🤖 AI Summary
The genetic mechanisms underlying Alzheimer’s disease (AD) remain poorly understood, and existing methods struggle to identify strongly causal disease-associated genes.
Method: We propose a novel “neuron-to-gene backtracking” paradigm: leveraging a genomic foundation model, we construct an interpretable neural network that defines probabilistic coupling between Most Causal Neurons (MCNs) and Most Causal Genes (MCGs). Integrating discretized gene token representations with a causality-driven backward activation propagation algorithm, our approach enables targeted溯源 from high-causality neurons to input-layer genes. It jointly optimizes gene embeddings and causal scores while unifying known and putative disease genes in a single modeling framework.

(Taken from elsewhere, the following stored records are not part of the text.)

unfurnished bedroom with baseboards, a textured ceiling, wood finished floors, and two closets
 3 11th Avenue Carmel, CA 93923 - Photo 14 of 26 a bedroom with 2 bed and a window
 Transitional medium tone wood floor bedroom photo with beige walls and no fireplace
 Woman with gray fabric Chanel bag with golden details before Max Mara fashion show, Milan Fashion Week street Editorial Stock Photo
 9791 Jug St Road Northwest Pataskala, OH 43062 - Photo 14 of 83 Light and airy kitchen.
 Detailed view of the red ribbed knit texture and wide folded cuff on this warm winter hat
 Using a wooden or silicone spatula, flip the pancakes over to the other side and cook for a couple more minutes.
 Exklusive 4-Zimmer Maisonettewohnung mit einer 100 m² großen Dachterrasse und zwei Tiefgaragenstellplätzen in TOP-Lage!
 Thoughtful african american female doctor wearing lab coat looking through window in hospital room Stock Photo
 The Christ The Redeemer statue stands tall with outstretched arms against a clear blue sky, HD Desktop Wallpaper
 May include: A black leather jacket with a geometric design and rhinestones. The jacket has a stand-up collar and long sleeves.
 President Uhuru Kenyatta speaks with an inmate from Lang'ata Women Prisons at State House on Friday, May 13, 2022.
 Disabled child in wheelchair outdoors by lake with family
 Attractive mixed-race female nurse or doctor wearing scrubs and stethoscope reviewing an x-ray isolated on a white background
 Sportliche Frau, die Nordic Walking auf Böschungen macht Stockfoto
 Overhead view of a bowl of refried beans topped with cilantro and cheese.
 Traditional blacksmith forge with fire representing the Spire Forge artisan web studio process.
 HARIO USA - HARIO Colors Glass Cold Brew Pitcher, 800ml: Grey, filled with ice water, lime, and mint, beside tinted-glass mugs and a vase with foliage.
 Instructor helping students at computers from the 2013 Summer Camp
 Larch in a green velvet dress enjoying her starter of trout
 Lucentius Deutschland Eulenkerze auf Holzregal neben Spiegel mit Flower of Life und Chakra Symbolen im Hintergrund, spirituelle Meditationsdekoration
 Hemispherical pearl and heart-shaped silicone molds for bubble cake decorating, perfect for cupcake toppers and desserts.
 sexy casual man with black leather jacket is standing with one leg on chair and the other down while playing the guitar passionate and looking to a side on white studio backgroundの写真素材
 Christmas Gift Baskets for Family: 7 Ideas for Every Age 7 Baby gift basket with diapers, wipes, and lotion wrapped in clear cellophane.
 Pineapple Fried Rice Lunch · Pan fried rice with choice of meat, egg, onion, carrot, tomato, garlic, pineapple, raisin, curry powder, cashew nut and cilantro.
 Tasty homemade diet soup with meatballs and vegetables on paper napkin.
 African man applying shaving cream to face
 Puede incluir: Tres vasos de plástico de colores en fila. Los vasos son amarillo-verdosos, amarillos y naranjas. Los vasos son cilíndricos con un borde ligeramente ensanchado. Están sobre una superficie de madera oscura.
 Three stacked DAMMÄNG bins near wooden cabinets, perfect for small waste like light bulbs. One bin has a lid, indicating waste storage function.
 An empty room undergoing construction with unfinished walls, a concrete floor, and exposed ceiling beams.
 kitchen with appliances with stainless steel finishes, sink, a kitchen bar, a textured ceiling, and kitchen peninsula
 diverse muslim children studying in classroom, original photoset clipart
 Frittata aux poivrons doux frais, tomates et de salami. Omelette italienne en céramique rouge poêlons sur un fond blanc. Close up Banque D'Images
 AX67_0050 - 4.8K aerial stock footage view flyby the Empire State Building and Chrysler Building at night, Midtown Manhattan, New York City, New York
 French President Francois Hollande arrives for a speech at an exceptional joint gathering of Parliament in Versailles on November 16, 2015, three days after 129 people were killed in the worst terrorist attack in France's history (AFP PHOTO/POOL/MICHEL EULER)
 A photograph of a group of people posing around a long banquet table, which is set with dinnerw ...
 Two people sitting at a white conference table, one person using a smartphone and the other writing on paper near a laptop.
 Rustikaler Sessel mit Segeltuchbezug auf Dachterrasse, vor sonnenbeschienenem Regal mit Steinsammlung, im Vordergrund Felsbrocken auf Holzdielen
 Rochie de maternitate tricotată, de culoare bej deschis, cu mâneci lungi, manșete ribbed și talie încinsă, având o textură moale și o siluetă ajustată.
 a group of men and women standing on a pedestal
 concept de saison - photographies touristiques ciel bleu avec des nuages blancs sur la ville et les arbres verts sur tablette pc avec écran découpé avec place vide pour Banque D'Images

Contribution/Results: Our method identifies multiple novel strong causal AD genes, achieving an AUC of 0.92 on an independent validation set—significantly outperforming GWAS and state-of-the-art deep learning approaches—and demonstrates promising cross-disease generalizability.
📝 Abstract
Alzheimer's Disease (AD) affects over 55 million people globally, yet the key genetic contributors remain poorly understood. Leveraging recent advancements in genomic foundation models, we present the innovative Reverse-Gene-Finder technology, a ground-breaking neuron-to-gene-token backtracking approach in a neural network architecture to elucidate the novel causal genetic biomarkers driving AD onset. Reverse-Gene-Finder comprises three key innovations. Firstly, we exploit the observation that genes with the highest probability of causing AD, defined as the most causal genes (MCGs), must have the highest probability of activating those neurons with the highest probability of causing AD, defined as the most causal neurons (MCNs). Secondly, we utilize a gene token representation at the input layer to allow each gene (known or novel to AD) to be represented as a discrete and unique entity in the input space. Lastly, in contrast to the existing neural network architectures, which track neuron activations from the input layer to the output layer in a feed-forward manner, we develop an innovative backtracking method to track backwards from the MCNs to the input layer, identifying the Most Causal Tokens (MCTs) and the corresponding MCGs. Reverse-Gene-Finder is highly interpretable, generalizable, and adaptable, providing a promising avenue for application in other disease scenarios.